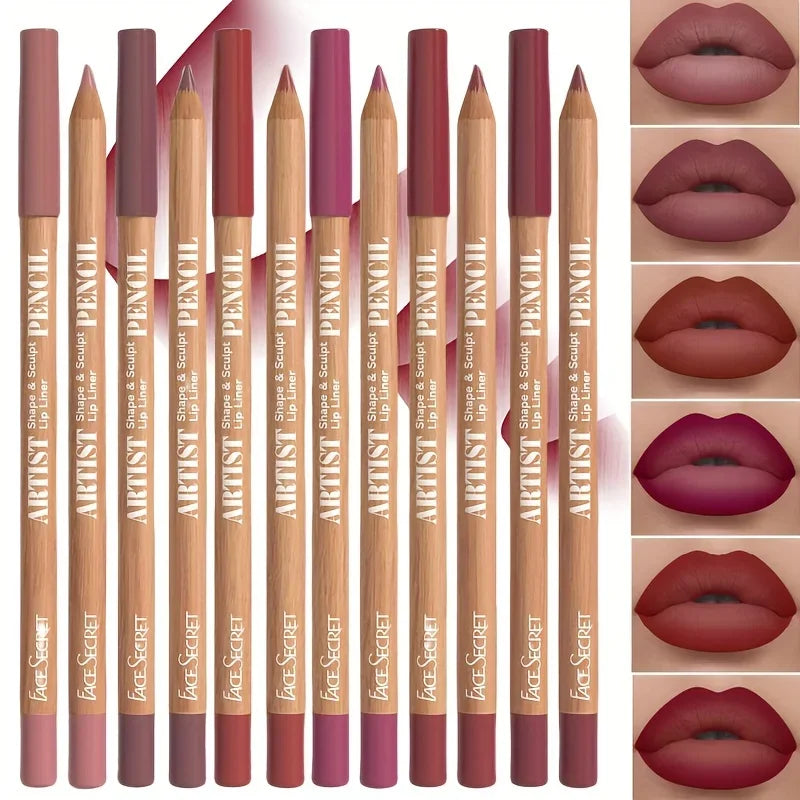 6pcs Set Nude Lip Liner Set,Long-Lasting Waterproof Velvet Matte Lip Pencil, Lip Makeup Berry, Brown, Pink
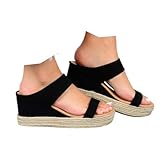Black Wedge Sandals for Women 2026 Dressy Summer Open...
---
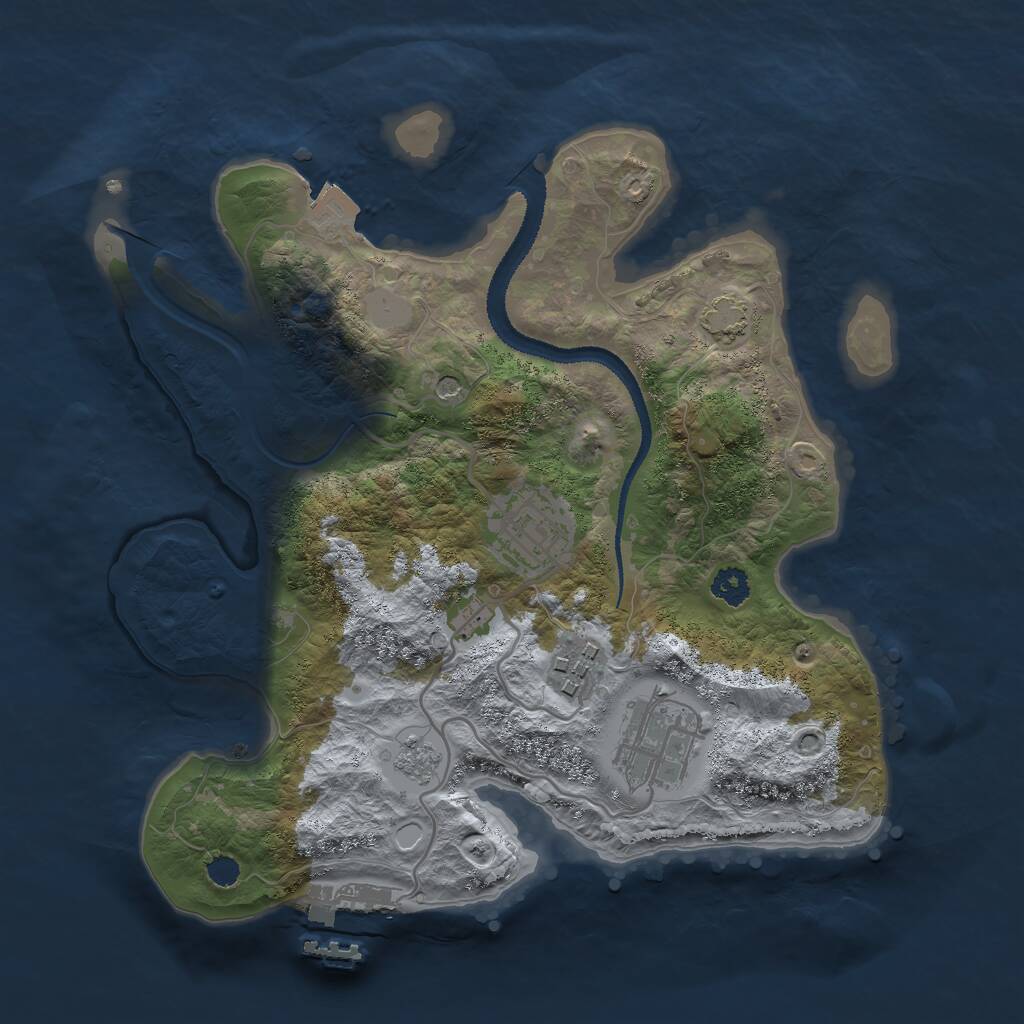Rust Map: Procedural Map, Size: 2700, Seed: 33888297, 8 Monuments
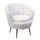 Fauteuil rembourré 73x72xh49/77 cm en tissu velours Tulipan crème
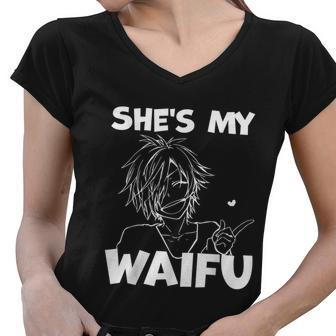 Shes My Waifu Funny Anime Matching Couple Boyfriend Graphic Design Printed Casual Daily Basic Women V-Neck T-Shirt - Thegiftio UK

> TASK TO CARRY OUT:
Each line above from the one containing "Rust Map: Procedural" through the one containing "Shes My Waifu" is to be returned verbatim. Nothing else, and no pictures.

> RESULT:
Rust Map: Procedural Map, Size: 2700, Seed: 33888297, 8 Monuments
 Fauteuil rembourré 73x72xh49/77 cm en tissu velours Tulipan crème
 Shes My Waifu Funny Anime Matching Couple Boyfriend Graphic Design Printed Casual Daily Basic Women V-Neck T-Shirt - Thegiftio UK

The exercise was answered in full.